Not surprisingly Hon. Grey-Johnson rose to the occasion, with the spontaneity and coherence of the scholar and diplomat he is, and appropriately highlighted the main historical benchmarks that characterised mercantile slavery introduced by Europeans when they started visiting our shores in the 14/15th century ostensibly for normal trade purposes.
As aptly recalled by the Hon Secretary of State, the resultant heinous trans-Atlantic trade that lasted till the middle of the 19th century was responsible for the forced migration of millions of able- bodied Africans to the Americas where they were enslaved and sold as chattel to provide free labour in the cotton fields and sugar cane farms. Paradoxically some of the so-called slaves came from noble and royal backgrounds while many of their massas were criminals or their descendants who immigrated to the New World as the only escape from the gallows in England especially.
Recalling Alex Haley's Roots and the International Roots Homecoming Festival was opportune in that both buttress what has just been postulated and remind all, at the same time, of the indissoluble cultural, ethnic and family bonds between Africans who did not leave the mother continent on the one hand and their brothers and sisters of the diaspora and particularly those in the Americas.
I take the opportunity to congratulate our two distinguished compatriots (SOS Grey-Johnson and Commissioner Joiner) for flying the Gambian flag so high in the not too often clear African skies, and to seize this unique occasion to make my own humble contribution to a debate that should interest and involve all Africans, especially intellectuals, scholars and students, historians and traditional communicators as well as religious leaders. For my part I simply wish to recapitulate two events of great relevance to this debate.

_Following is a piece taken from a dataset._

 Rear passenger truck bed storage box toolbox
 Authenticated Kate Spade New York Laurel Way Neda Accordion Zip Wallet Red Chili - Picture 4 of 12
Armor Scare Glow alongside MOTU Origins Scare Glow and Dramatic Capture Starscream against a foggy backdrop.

Firstly, the Banjul Meeting is an opportune event to recall that Soundjata Keita founder of the great Mali Empire was the first Head of State in the world to abolish slavery. Following the defeat of Soumaworo Kante, (real name Soumaworo Jarrasso, king of Soso not be mistaken for the Susus of Fouta Jallon), at the final battle of Narina in 1235, after nearly a decade of exploitation, oppression and suffering of the people of Manden during Soundjata's seven-year self exile, the new Mansa Manden - Soundjata - vowed that he would never sit on the royal hide (throne) unless he succeeded in uniting all the people of the New Mande. He solemnly declared that "the management of the affairs of our country shall not be the affairs of one family alone; it shall be the affairs of all.".

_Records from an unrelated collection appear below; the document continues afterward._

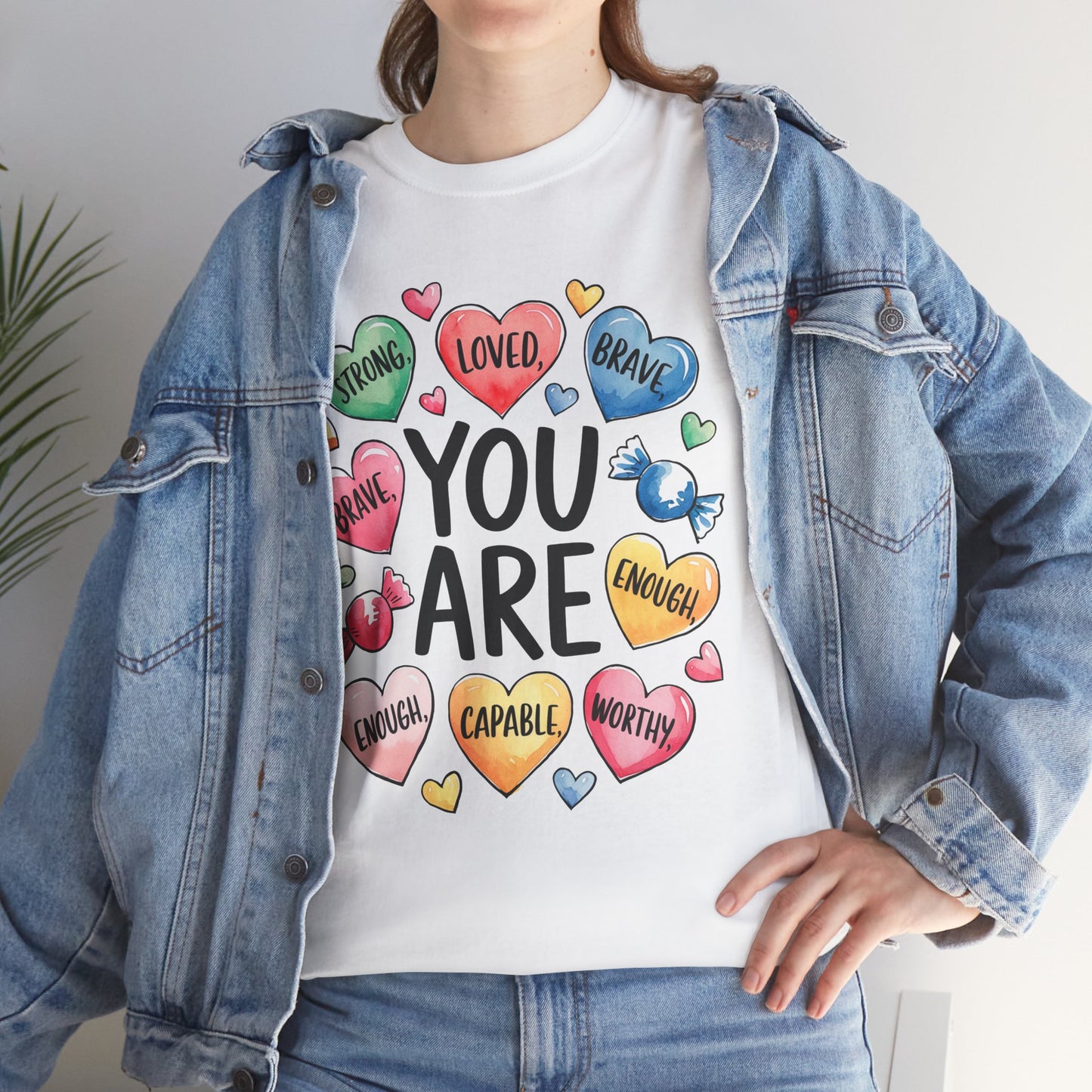 Self Love Inspirational Unisex Heavy Cotton Tee-You are Loved, Strong, Enough
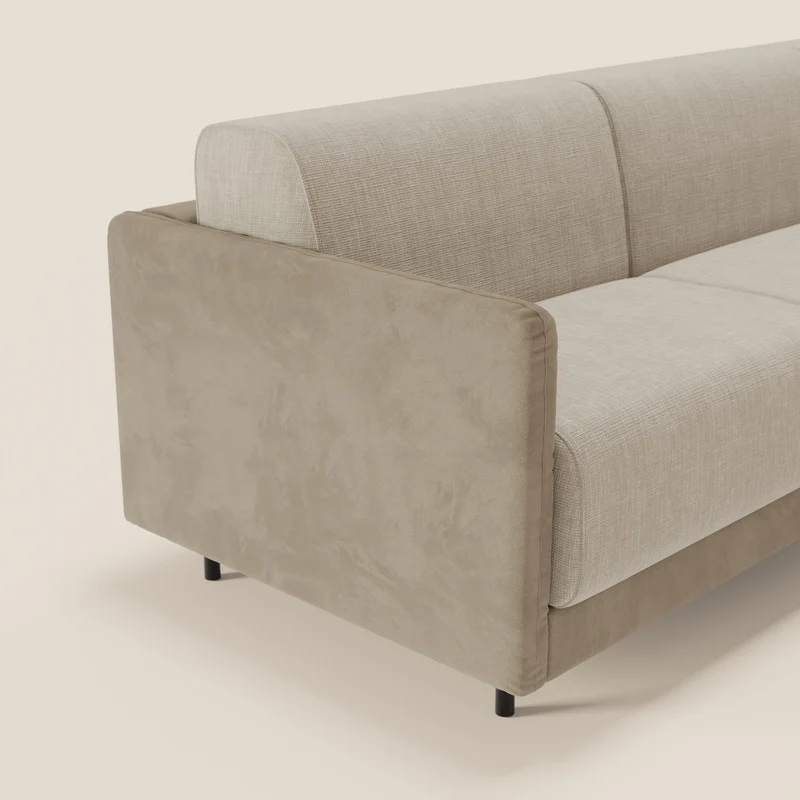 Narciso canapé d'angle convertible avec matelas H18 cm et chaise longue coffre en tissu bicouleur T11 et T06 taupe - crème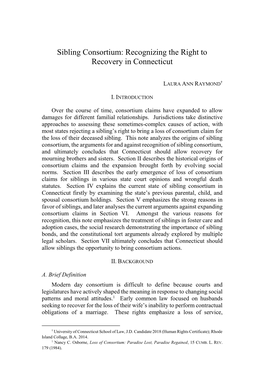 Sibling Consortium: Recognizing the Right to Recovery in Connecticut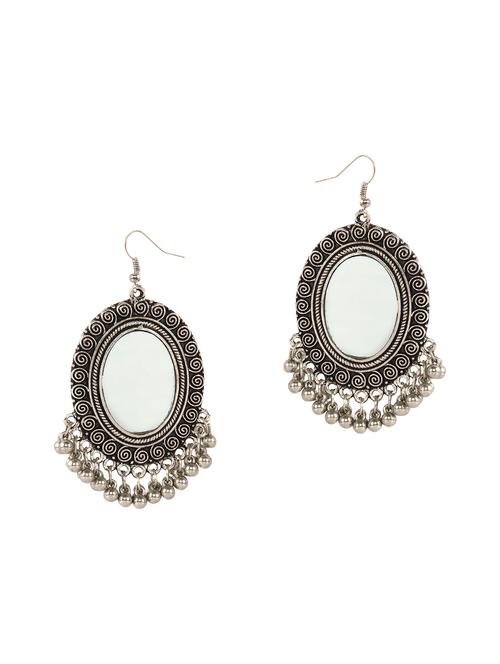 silver tone mirror earrings - 15462940 - Very Small Image - 1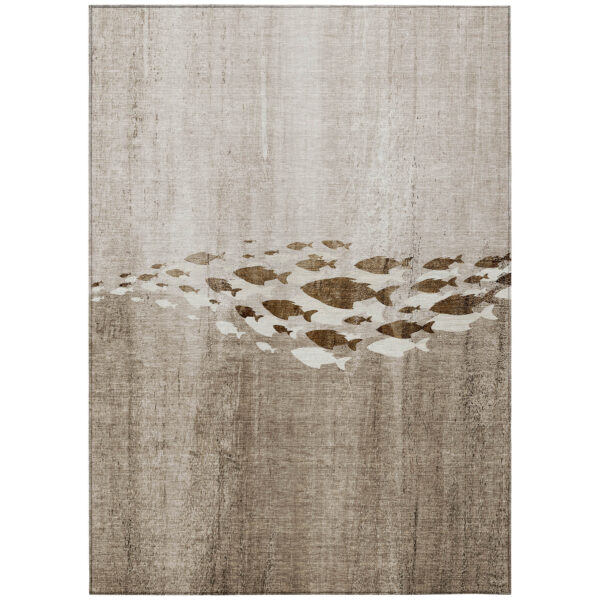 8' X 10' Taupe Brown And Khaki Nautical Washable Indoor Outdoor Area Rug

To achieve this objective, revolutionary for its time, Soundjata created the Great Council of Manden, an Assembly composed of the diverse people of Manden and submitted the Proclamation of the Fundamental Charter of the New Manden which was read out to the people gathered at vast town square of Dakadjalan Sundjata's birthplace.
The Charter had 7 main articles preceded by a preamble that read as follows: "Manden is founded on expectation and love, liberty and fraternity. This signifies that there will neither be ethnic nor racial discrimination in Manden". In article 5 it was stated "Hunger is a bad thing, and slavery is not a good thing either; and as long as we have our bows and arrows (power) hunger will no longer kill anyone in Manden; War shall never again destroy villages in order to capture slaves to go and sell them; No one shall be beaten or put to death because he is the son of a slave.".
Article 6 is even more equivocal. It reads: "The existence of slavery is ceases definitively today from one end of Manden to the other, and raids are banished in Manden with effect from today." The last article (art.7 provides that) Man has a soul which makes him see three things: see what he wants to see, say what he wants to say and do what he wishes to do. If one of these is missing his soul will suffer and he will deteriorate as a human being. It concludes "Consequently as of now every one is entitled to the integrity of his own person, and each person has freedom of his own action but must respect what is forbidden and the laws of the land".
Significantly the Charter concludes thus "Such is the Charter of Manden proclaimed for the ears of the entire world". Thus Soundjatta proclaimed the first Universal Declaration of Human Rights and the Abolition of Slavery and trading in slaves. But this unprecedented historic event seems to have been totally ignored by western history which continues to bask in its erroneous pretensions and egoism that Africans have no History prior to the arrival of Europeans explorers and the beginning of the colonial occupation from the 15th to the late 19th century.
For them Mali and it glorious past was, at best, a legend that should not be given any prominence in African and world history even though Soundjata's epic universal abolition of slavery and slave trade preceded by many centuries the United Kingdom Bill of Rights, 1688; the French Declaration of the Rights of Man and the Citizen, 1789; and the United States Bill of Rights, 1791.
And it was only over SIX HUNDRED years after the Manden Charter that the western imperial and colonial powers made any effort to abolish the slave trade in 1807 and slavery in 1833 in West Africa to end the infamous and lucrative triangular trade that forceably transferred millions of our ancestors to the Americas and the West Indies.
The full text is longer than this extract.